Set down word for word each line from the start of the listing through the line that contains "Serverrack med blå", both included.

Excerpted records section start

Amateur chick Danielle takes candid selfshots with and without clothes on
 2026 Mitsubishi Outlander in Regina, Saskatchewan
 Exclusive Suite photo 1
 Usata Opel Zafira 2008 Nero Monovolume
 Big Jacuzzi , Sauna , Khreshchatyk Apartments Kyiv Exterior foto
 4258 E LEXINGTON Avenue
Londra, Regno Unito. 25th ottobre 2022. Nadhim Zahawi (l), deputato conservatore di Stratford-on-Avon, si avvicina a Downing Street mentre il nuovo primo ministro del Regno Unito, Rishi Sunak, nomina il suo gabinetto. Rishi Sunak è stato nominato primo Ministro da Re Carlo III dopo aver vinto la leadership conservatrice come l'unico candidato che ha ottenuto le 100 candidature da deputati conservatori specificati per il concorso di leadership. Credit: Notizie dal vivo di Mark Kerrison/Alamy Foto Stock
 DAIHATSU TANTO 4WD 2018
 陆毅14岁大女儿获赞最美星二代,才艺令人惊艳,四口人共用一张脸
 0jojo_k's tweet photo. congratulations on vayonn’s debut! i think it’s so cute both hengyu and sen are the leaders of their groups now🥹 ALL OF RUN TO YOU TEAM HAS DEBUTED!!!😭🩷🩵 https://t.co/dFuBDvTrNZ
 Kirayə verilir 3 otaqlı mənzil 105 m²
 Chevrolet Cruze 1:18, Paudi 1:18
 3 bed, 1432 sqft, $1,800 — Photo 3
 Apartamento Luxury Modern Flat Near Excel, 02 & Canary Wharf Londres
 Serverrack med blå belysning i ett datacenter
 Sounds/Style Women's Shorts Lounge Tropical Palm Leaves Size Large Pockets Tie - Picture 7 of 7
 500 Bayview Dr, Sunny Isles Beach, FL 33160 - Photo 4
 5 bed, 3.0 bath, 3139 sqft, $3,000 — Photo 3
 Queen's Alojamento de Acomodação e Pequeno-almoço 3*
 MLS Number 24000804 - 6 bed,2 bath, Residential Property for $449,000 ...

Excerpted records section end

■ Answer box:
Amateur chick Danielle takes candid selfshots with and without clothes on
 2026 Mitsubishi Outlander in Regina, Saskatchewan
 Exclusive Suite photo 1
 Usata Opel Zafira 2008 Nero Monovolume
 Big Jacuzzi , Sauna , Khreshchatyk Apartments Kyiv Exterior foto
 4258 E LEXINGTON Avenue
Londra, Regno Unito. 25th ottobre 2022. Nadhim Zahawi (l), deputato conservatore di Stratford-on-Avon, si avvicina a Downing Street mentre il nuovo primo ministro del Regno Unito, Rishi Sunak, nomina il suo gabinetto. Rishi Sunak è stato nominato primo Ministro da Re Carlo III dopo aver vinto la leadership conservatrice come l'unico candidato che ha ottenuto le 100 candidature da deputati conservatori specificati per il concorso di leadership. Credit: Notizie dal vivo di Mark Kerrison/Alamy Foto Stock
 DAIHATSU TANTO 4WD 2018
 陆毅14岁大女儿获赞最美星二代,才艺令人惊艳,四口人共用一张脸
 0jojo_k's tweet photo. congratulations on vayonn’s debut! i think it’s so cute both hengyu and sen are the leaders of their groups now🥹 ALL OF RUN TO YOU TEAM HAS DEBUTED!!!😭🩷🩵 https://t.co/dFuBDvTrNZ
 Kirayə verilir 3 otaqlı mənzil 105 m²
 Chevrolet Cruze 1:18, Paudi 1:18
 3 bed, 1432 sqft, $1,800 — Photo 3
 Apartamento Luxury Modern Flat Near Excel, 02 & Canary Wharf Londres
 Serverrack med blå belysning i ett datacenter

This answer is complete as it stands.